The Court overruled the demurrer to the claims for fraud and
deceit, negligent misrepresentation, and fraudulent inducement with respect to
Hills Group. The Court overruled the demurrer to the claims for breach of
contract and negligence with respect to all of the moving defendants. The Court
overruled the demurrer to the claim for conversion with respect to Hills Group
and Rifkin.
The Court sustained, with leave to amend, the demurrer to
the claims for fraud and deceit, negligent misrepresentation, and fraudulent
inducement with respect to Fiore, One Eleven, Rebel, and Rifkin. The Court
sustained, with leave to amend, the demurrer to the conversion claim with
respect to Fiore, One Eleven, and Rebel. The Court sustained, with leave to
amend, the claim for aiding and abetting torts with respect to all of the
presently Moving Defendants.
The
operative complaint is now the 5AC. The 5AC names H. One LLC as a nominal
defendant only, and names the remaining Defendants as well. The 5AC raises
claims for (1) fraud and deceit; (2) negligent misrepresentations; (3)
fraudulent inducement to enter into contract; (4) [listed as 5] breach of
contract (against Hills Group); (5) [listed as 6] negligence as a derivative
claim (against Hills Group); (6) [listed as 7] conversion (against Fiore,
Rifkin, Reyter, and Hills Group); and (7) [listed as 8] aiding and abetting
torts.
On
September 26, 2024, the Court overruled the various Defendants’ demurrers to
the 5AC.
On
October 11, 2024, Plaintiff filed this motion for leave to amend.
The
Reyter Parties filed an opposition. The Rifkin Parties and Hills Group jointly
filed a second opposition. The Fiore Parties join in both of the oppositions
filed by the other parties.. Plaintiff filed a single reply brief in response
to both oppositions.
A complainant may obtain leave from the trial court to amend
their pleading beyond the number of amendments allowed under Code of Civil
Procedure section 472 (a) by filing a noticed motion. (Cal. Rules of Court,
Rule 3.1324.) The motion must be accompanied by a declaration stating: (1) the
effect of the amendment; (2) why the amendment is necessary and proper; (3)
when the facts giving rise to the amended allegations were discovered; and (4)
why the request was not made earlier.¿(Cal. Rules of Court, Rule 3.1324 (b).)
“Any judge, at any time before or after commencement of
trial, in the furtherance of justice, and upon such terms as may be proper, may
allow the amendment of any pleading or pretrial conference order.”¿(Code Civ.

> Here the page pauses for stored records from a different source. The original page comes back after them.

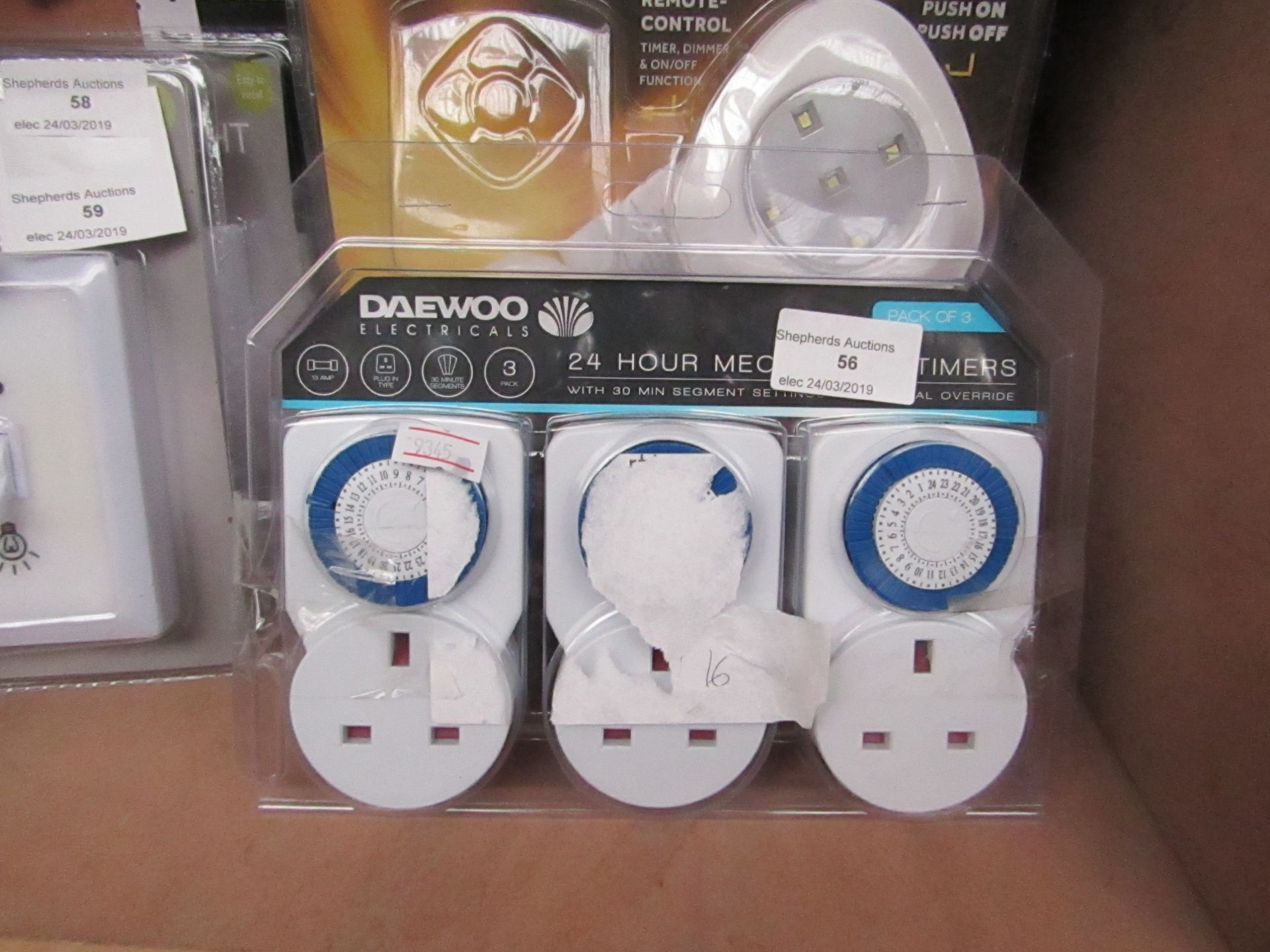 Daewoo 24 hour mechanical timers untested and in package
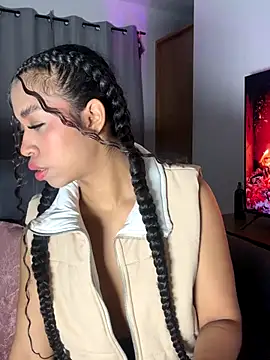 bella  honey online show from 15, 10, 2025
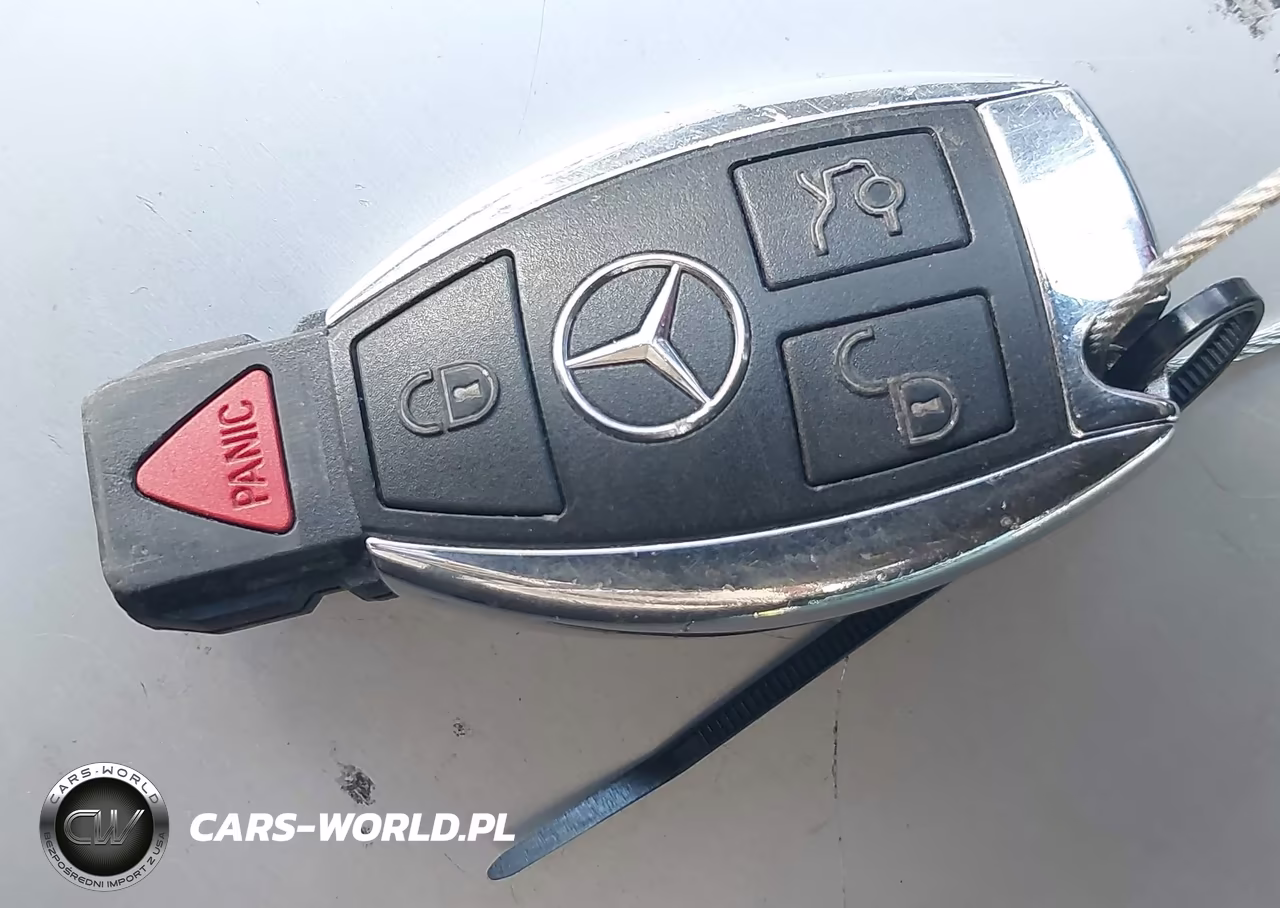 MERCEDES-BENZ C 250 VIN:WDDGF4HB5CR236661 - 11
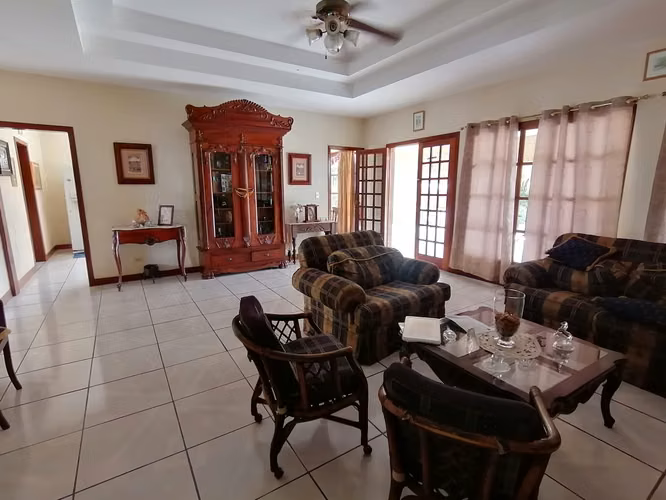 VENTA Casa en Carretera Sur / NG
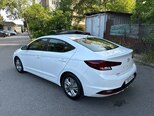 Hyundai Elantra-4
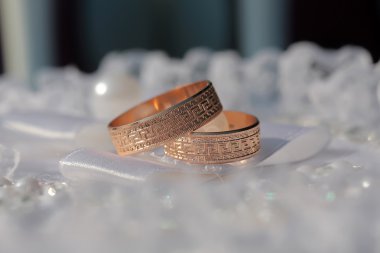 İki Altın Nikah Yüzüğü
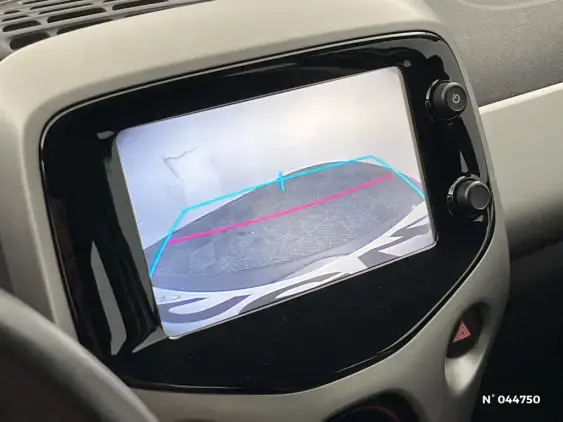 TOYOTA AYGO II - voiture d'occasion - Photo 14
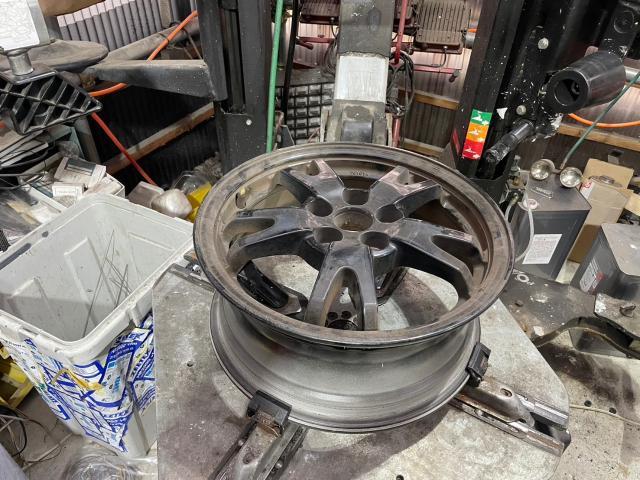 トヨタ 30系プリウス  タイヤ交換 ZVW30 岡山市東区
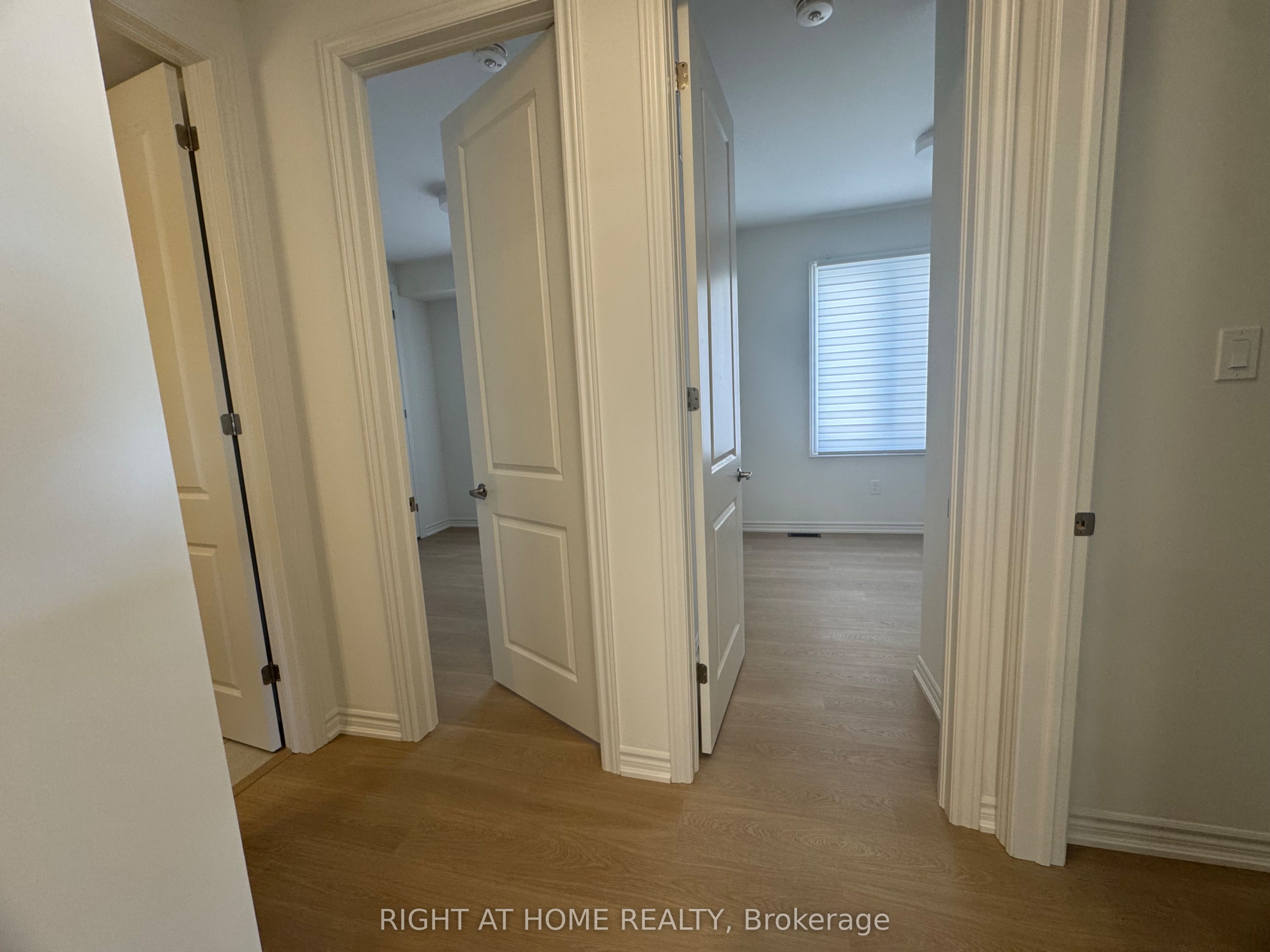 60 Debois Street Main Property Photo 22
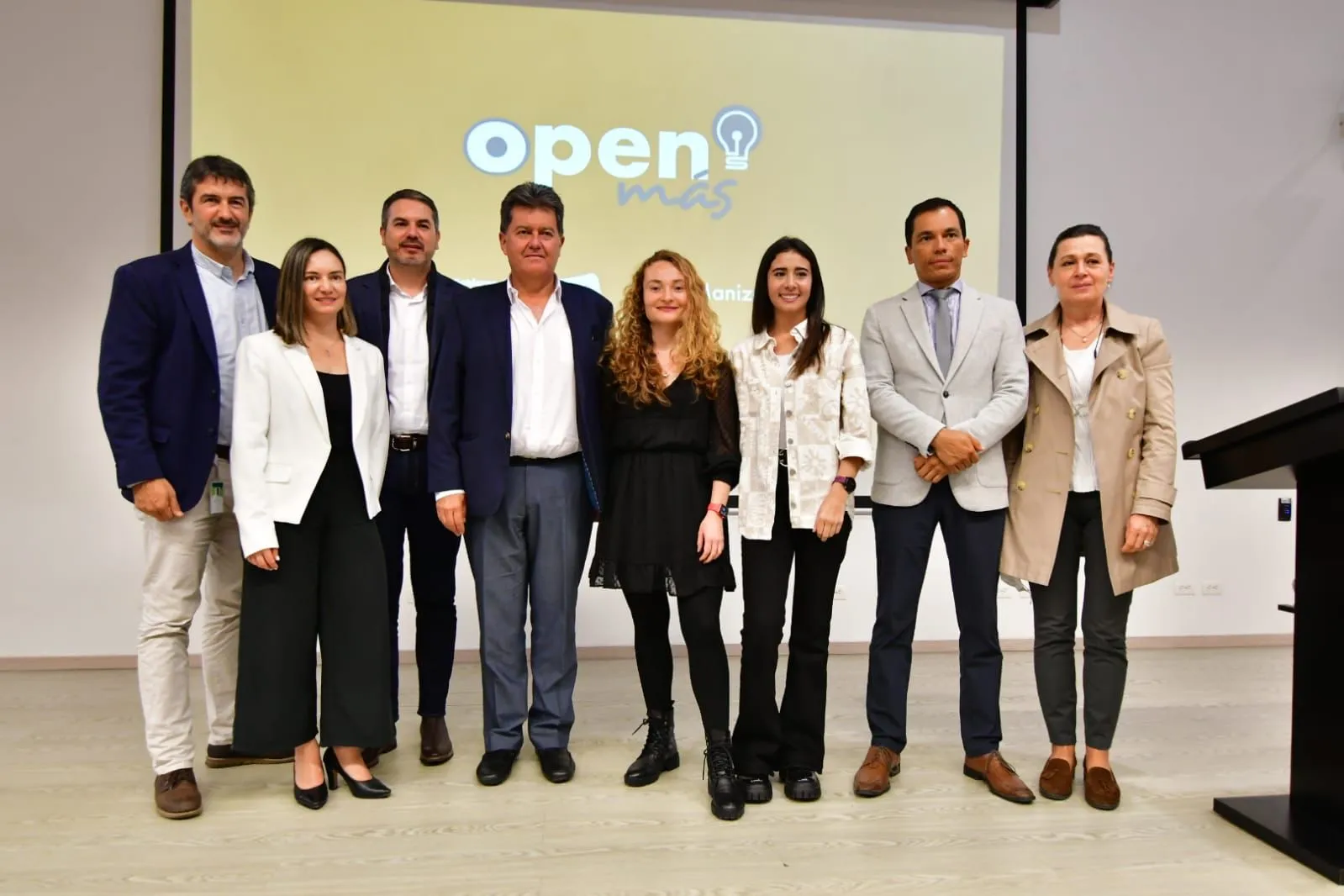 Open Más
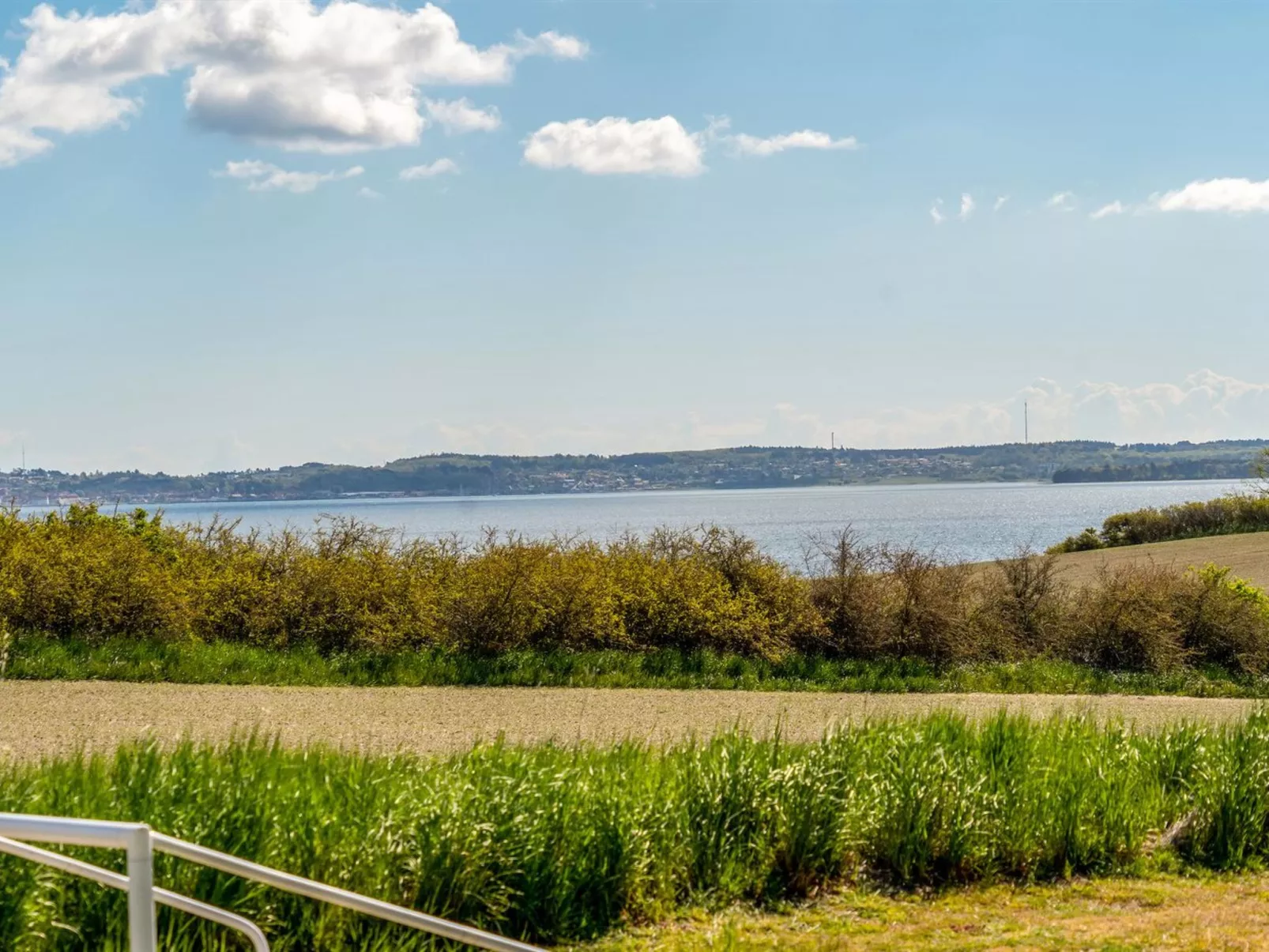 "Frellaf" - 250m from the sea-Buiten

Proc., § 576.) In the absence of a showing of prejudice from the opposing side,
the trial court ordinarily lacks discretion to deny a motion to amend a
pleading. (Honig v. Financial Corp. of America (1992) 6 Cal.App.4th 960,
965.)
Plaintiff seeks leave to amend to add a claim for civil
theft under Penal Code, section 496, subd. (c).
Penal Code, section 496 provides that to sustain a
conviction for receiving stolen property, the plaintiff must prove (1) the
property was stolen; (2) the defendant knew the property was stolen; and, (3)
the defendant had possession of the stolen property. (People v. Land (1994)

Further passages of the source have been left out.